For the last few years I have experienced what I believe to be Chemo Brain and it is very hard to describe. At various times in the a.m. I feel as if I am in a dark room pressing my hands along the walls trying to find a door. It is unlike I anything I ever experienced prior to my cancer treatment. As a survivor of Head and Neck and later Skin Cancer, I have received radiation therapy now twice in my life. I can multi-task without issue, however I do forget random things while others I seem to have no trouble retaining at all. I came across the article below and I wanted to share in hopes it will benefit others in understanding what Chemo Brian is. Make no mistake, I am still here and going strong doing what I can to help others in their battle. Please be patient with those in their battle - Chris
Chemo Brain, or Chemo Fog, is an increasingly common experience among cancer patients and survivors. It can begin at any time during chemotherapy, even several years after treatment has ended, and last for an indefinite amount of time. Patients who received radiation therapy have also sympathized with the symptoms associated with Chemo Brain. The cancer community has repeatedly spoken up about suffering from this phenomena, but there are still doctors, friends and family who write them off. No offense to those disbelievers, but we agree to disagree with you. Chemobrain is real.

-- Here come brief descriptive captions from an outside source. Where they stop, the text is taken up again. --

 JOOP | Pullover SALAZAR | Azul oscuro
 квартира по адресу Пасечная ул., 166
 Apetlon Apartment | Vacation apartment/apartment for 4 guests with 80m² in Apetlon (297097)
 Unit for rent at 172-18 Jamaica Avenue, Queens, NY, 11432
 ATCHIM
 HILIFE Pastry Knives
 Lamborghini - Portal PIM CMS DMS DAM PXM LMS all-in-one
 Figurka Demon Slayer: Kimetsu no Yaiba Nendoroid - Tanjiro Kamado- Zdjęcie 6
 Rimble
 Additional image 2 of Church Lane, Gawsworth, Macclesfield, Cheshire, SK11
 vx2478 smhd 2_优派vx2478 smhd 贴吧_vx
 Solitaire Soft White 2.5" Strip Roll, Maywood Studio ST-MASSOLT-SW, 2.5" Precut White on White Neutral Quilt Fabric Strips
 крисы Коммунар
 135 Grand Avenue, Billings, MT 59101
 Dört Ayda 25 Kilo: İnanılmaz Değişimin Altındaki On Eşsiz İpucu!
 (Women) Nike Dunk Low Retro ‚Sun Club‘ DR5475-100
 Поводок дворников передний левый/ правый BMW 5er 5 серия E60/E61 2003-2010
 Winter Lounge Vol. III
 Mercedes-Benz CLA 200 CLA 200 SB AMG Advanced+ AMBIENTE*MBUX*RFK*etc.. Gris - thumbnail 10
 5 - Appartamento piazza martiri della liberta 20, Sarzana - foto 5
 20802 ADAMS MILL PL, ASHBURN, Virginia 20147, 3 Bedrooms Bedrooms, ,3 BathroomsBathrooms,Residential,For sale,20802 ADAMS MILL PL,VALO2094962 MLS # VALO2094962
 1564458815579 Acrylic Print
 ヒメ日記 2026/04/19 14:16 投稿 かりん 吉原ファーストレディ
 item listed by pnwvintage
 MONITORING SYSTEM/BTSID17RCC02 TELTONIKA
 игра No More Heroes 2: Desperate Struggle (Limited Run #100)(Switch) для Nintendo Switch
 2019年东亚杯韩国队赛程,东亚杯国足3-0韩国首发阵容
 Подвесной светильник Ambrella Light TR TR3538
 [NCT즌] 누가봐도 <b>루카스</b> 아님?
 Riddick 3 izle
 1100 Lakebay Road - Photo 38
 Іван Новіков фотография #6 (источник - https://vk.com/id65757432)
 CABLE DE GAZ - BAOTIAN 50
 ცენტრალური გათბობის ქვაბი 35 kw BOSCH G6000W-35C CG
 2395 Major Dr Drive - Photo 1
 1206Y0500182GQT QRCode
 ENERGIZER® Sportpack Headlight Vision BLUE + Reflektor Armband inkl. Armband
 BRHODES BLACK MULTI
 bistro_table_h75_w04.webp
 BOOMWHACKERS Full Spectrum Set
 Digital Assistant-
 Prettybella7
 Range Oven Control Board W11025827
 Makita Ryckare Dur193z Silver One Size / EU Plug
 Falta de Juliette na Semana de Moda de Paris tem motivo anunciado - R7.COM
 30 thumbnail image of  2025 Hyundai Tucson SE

These ten reminders are for everyone who is or loves someone in the cancer community who is experiencing chemobrain. Whether you're reading this a former disbeliever, or you are reading this as someone who just found out about it. Whether you make it into a card that you distribute to people who begin to say "Chemo Brain doesn't exist" is purely optional, but we do recommend slipping in a healthy reminder to loved ones who may not know how to sympathize with your new "quirks."
1. Chemobrain is real. I don't care if my doctor doesn't say so.
2. I'm not just using it as an excuse. Trust me, I don't WANT to forget things.
3. I am not crazy & I am not exaggerating. I'm being honest.
4. It feels as if you're wearing a cap on your head that's made of fog. And it's impossible to remove.
5. My least favorite words are now, "You already told me that." You don't realize it, but it is so embarrassing to hear that.
6. I really need you to be patient with me. I know you want to snap at me but please don't.
7. It's not funny, it's terrifying. You may laugh at first but after a while there is no joke anymore.
8. Chemo brain can last for years. Yeah, so we have to find a way to get used to it.
9.Being forgetful doesn't mean I've lost my intelligence. So please don't talk to me as if I won't understand.
10. Trust me, it's more frustrating for me than it is for you. I know it's annoying to repeat yourself but imagine if you were me.